Table 1.
Fractional Release of [Ca2+]SR
| Stimulation | Fractional release | [Ca2+]SR, free (μM) |
|---|---|---|
| 1 Hz | 0.195 ± 0.029 | 261 ± 15.8 |
| 10 Hz | 0.734 ± 0.049 | 101 ± 11.1 |
| 50 Hz | 0.882 ± 0.028 | 79 ± 8.4 |
| 1 mM 4CmC | 1 | 62 ± 4.3 (raw)8 ± 1.6 (corrected) |
FDB fibers were loaded with fluo-5N and exposed to trains of electrical field stimulation at frequencies of 1, 10, or 50 Hz for 10 s. Changes in fluo-5N fluorescence were monitored under confocal optics. After stimulation, fluorescence returned to baseline and the fibers were treated with 1 mM 4-CmC to induce maximal SR Ca2+ release. Fractional release was calculated by comparing the electrically induced fluorescence change to the 4-CmC-induced change. Using the KD and resting [Ca2+]SR,free values calculated by in situ calibration of fluo-5N (see Fig. 5) and applying equations derived by Cannell et al. (15), we calibrated the new [Ca2+]SR,free after steady-state activation at each stimulation frequency.
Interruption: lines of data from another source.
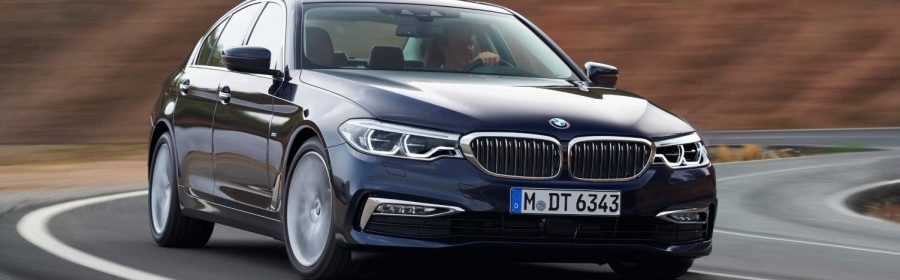 BMW 5 Serie Sedan 2017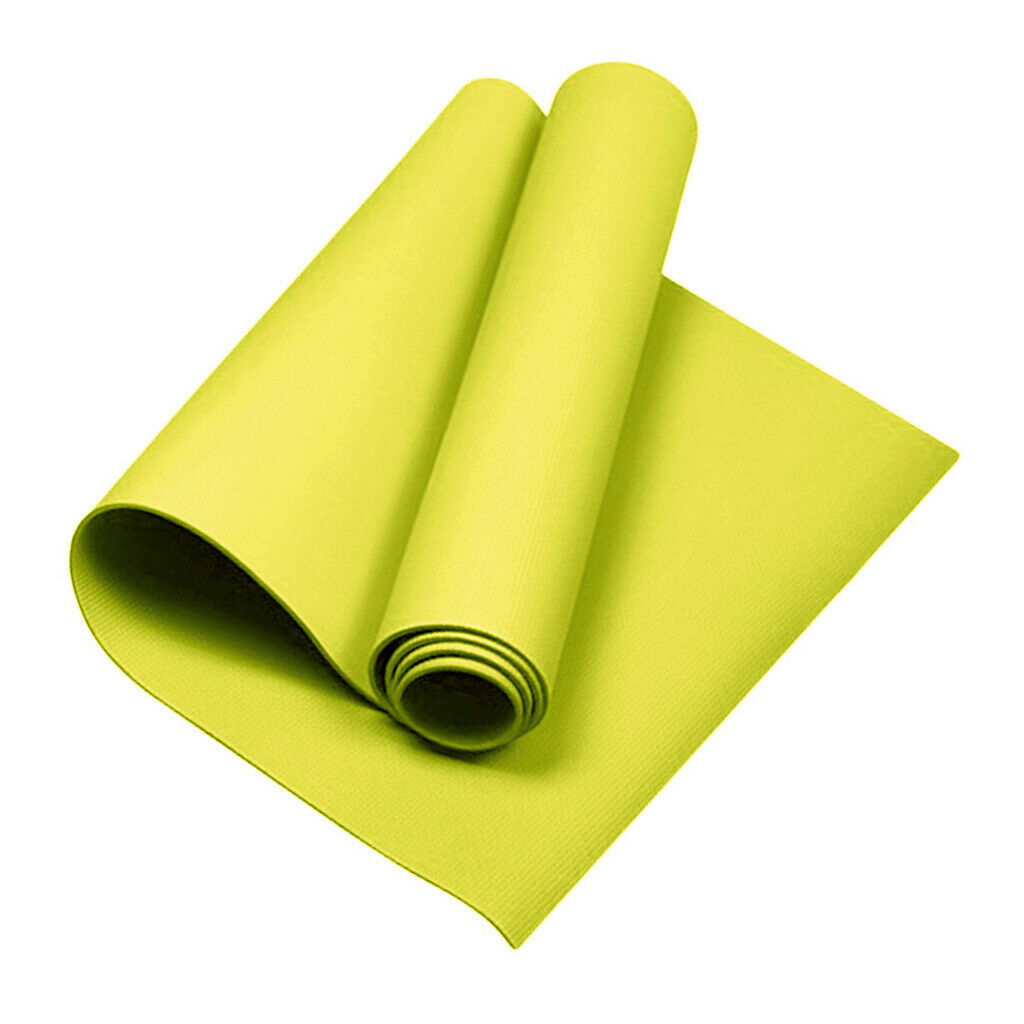 3x Non-Slip EVA Foam Waterproof Yoga Mats Portable Cushion for Pilates Beach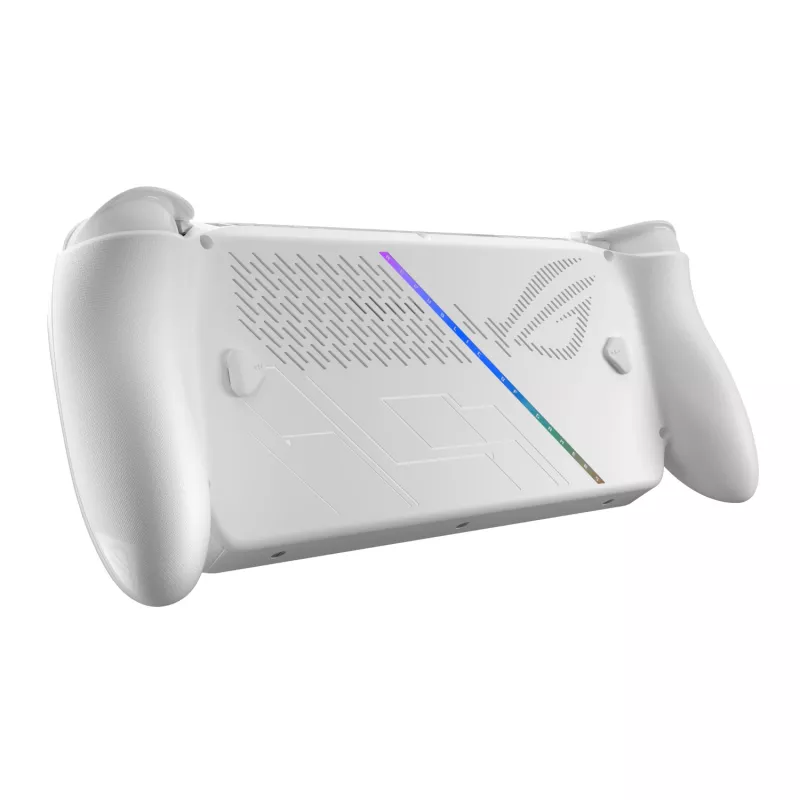 ASUS ROG Ally 7 inch Handheld Gaming Console - AMD Ryzen Z1 Extreme, 16GB LPDDR5X, 512GB SSD, Radeon Graphics, 120Hz FHD Touchscreen, Windows 11 Home, White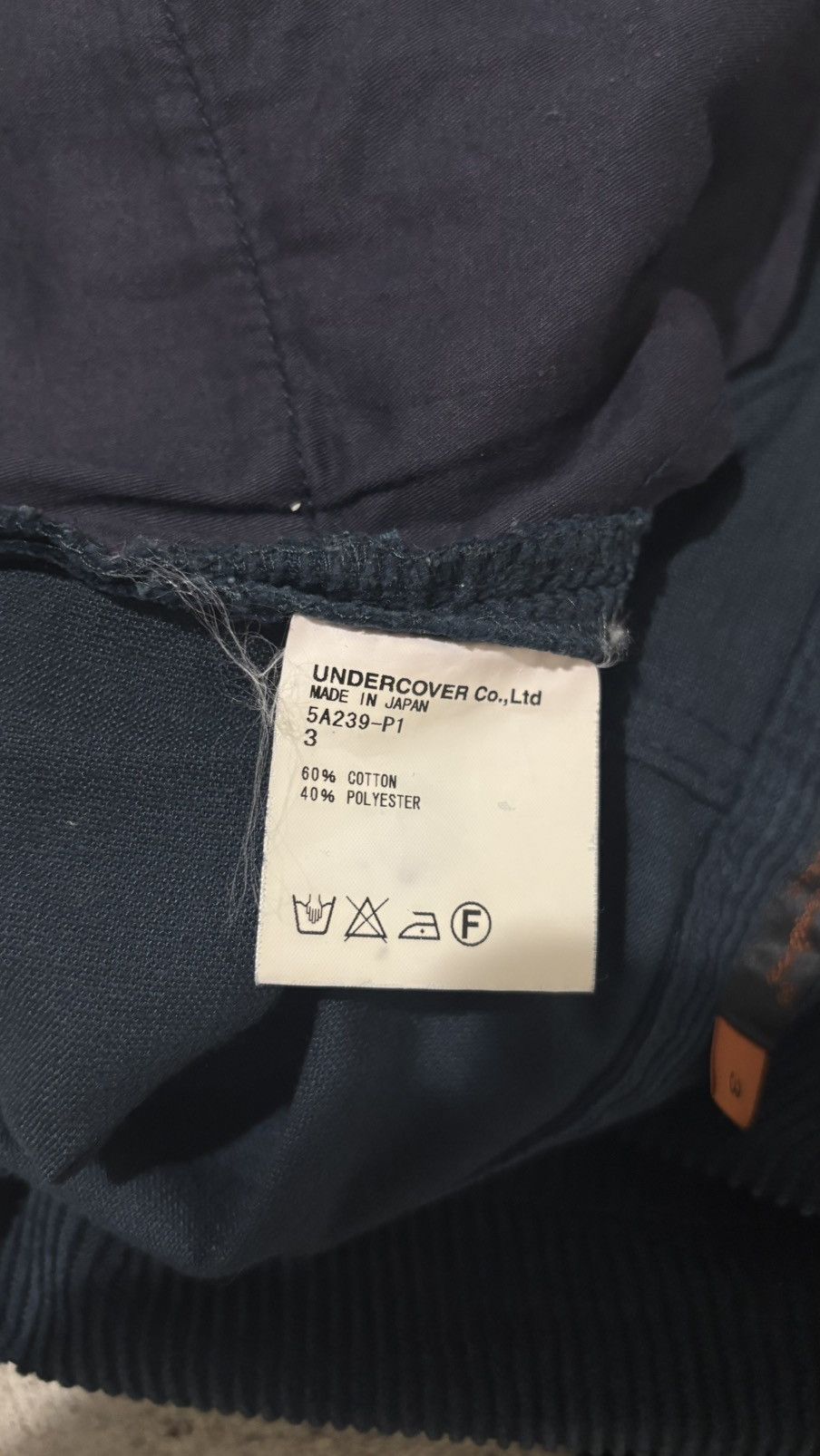 Undercover Undercover AW05 Corduroy Arts & Crafts Denim Size US 30 / EU 46 - 7 Thumbnail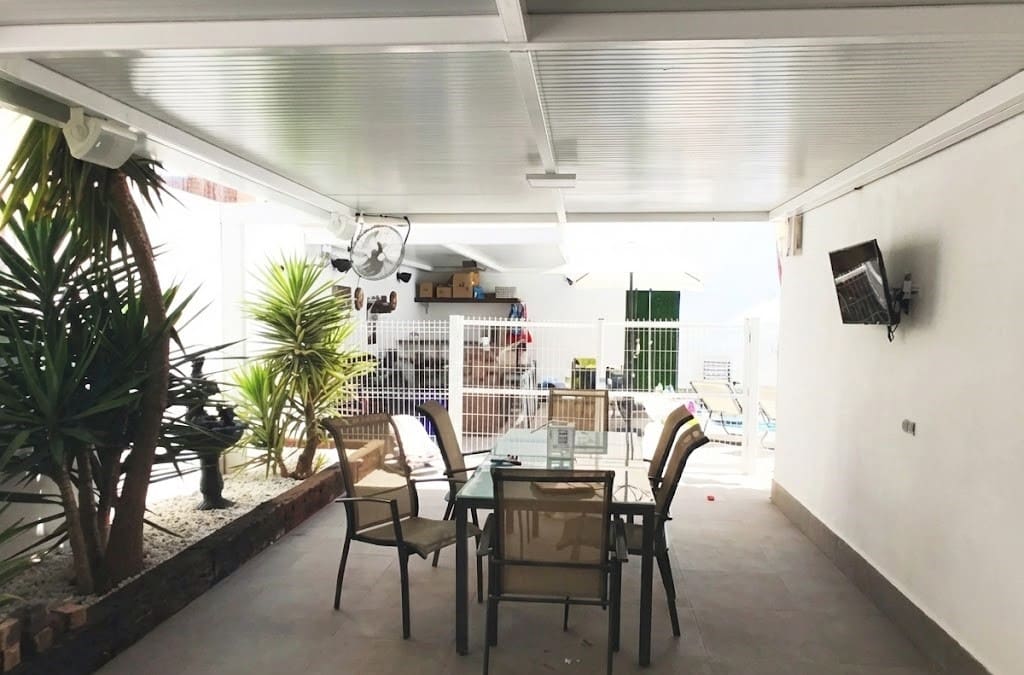 3 soveværelse Byhus til salg i Los Gallardos med swimmingpool garage - € 309.000 (Ref: 9518050)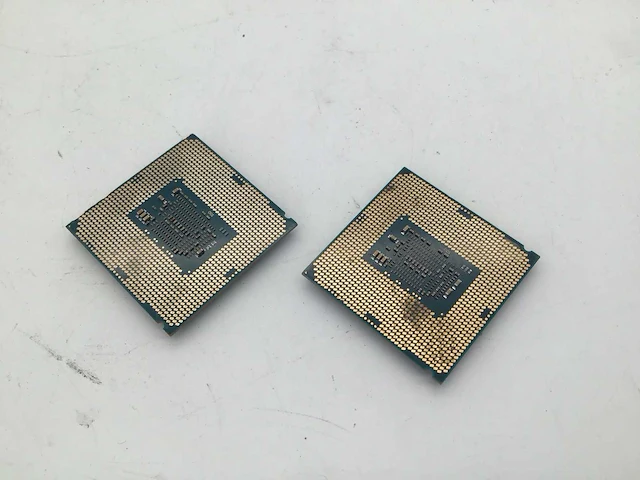 Intel i5-6600k (2x) processors computeronderdeel (2x) - afbeelding 5 van  5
As described in Fig. 6, 4-CmC induced transients in intact fibers appears to reduce [Ca2+]SR,free to ∼60 μM. Calibration of the [Ca2+]SR, free after 4-CmC treatment by permeabilization demonstrates that 4-CmC actually reduces [Ca2+]SR,free to ∼8 μM. The background correction made to 4-CmC-induced [Ca2+]SR,free (see Fig. 6) suggests that [Ca2+]SR,free calculated for near tetanic stimulation rates, where fractional release approaches 1, is likely to be overestimated.